The former Washington governor now heads up a business group that recently studied effective strategies for combatting chronic homelessness.

SPOKANE, Wash. — Former Washington Governor Christine Gregoire is advocating for an urgent push to combat homelessness in the state, based on a study of efforts conducted in some California cities.

Gregoire now heads up Challenge Seattle, a business group primarily focused on King County. The organization recently published a study with research from Boston Consulting Group, focusing on solutions to chronic homelessness.

Chronic homelessness refers specifically to those who have some sort of disability, and have been out on the street for extremely long periods of time.

"Those are the folks that we see more often than not in tents and camps and so on," Gregoire said in an interview with KREM. "Not the individual who... from domestic violence suddenly finds themselves in a once in a lifetime homelessness situation."

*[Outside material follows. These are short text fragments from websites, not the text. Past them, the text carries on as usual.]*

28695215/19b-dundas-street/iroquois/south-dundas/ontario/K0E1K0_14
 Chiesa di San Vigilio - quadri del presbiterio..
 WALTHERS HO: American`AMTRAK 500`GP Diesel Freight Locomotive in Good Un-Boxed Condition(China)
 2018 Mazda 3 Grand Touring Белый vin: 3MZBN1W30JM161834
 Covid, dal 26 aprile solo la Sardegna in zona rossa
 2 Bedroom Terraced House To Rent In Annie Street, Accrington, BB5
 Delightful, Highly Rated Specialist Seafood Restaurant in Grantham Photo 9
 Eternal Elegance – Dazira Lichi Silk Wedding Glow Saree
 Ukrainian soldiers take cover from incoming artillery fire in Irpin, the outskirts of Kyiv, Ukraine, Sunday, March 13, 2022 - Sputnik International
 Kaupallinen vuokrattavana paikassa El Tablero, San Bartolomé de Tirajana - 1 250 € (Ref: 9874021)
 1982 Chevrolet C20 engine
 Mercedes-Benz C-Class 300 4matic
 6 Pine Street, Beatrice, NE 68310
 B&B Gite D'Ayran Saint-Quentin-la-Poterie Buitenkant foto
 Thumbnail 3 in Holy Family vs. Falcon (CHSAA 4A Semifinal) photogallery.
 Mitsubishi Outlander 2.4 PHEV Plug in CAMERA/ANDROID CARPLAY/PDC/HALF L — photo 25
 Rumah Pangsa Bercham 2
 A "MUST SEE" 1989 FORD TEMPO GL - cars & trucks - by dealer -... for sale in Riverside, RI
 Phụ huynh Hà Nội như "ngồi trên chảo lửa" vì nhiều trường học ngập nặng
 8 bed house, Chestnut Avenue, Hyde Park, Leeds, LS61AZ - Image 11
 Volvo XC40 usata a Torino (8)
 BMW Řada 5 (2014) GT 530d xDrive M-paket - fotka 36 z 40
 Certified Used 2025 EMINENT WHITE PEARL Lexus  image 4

Those are also the people who tend to take up the most resources.

The report estimates Spokane County currently has 485 people who fit the description. And the numbers in Washington are rising, even as some cities in California like San Diego, have all but halted the increase in chronic homelessness.

"It's at 2 percent annually [in San Diego]," said Gregoire. "And over the last 5 years, King County has been at 42 percent. Spokane at 27 percent. Vancouver at 33 percent. So obviously we need to make a course correction, and we need to look at what they've done to be successful in Bakersfield and San Diego, and replicate what we can here."

One of the biggest issues that they found with the current approach to homelessness is that resources are too often siloed apart from one another, making them less effective.

"One lesson we learned quite clearly: housing alone won't do it. Services alone won't do it. You absolutely have to have the both," said Gregoire. "And you have to have the services on demand. For example, if I'm having a traumatic event in my life, healthcare, mental health, whatever... I can't wait for 3 weeks, 5 weeks, 5 months for an appointment. I need attention now."

In California, the cities remedied that in part by creating command centers with dedicated case workers who go directly to the people in need and follow their progress.

This echoes a few programs that already exist in Spokane, like the EnVision Center, but Gregoire says state and local governments should be dedicating even more money to quickly attacking this problem, perhaps using federal stimulus funds.

"Every time [a chronically homeless] individual goes to an emergency room, it costs taxpayers a lot of money. Every time that individual goes to some crisis clinic, it costs a lot of money," she said. "So at the end of the day what we found is it costs us more for not doing what we can to succeed, as opposed to what it would cost us if we dedicated our human and financial resources to doing what really does bring about success."

She said some of those funds could go to emergency housing in the form of buying motel rooms, a program she says showed success in California, while waiting for more permanent housing to become available.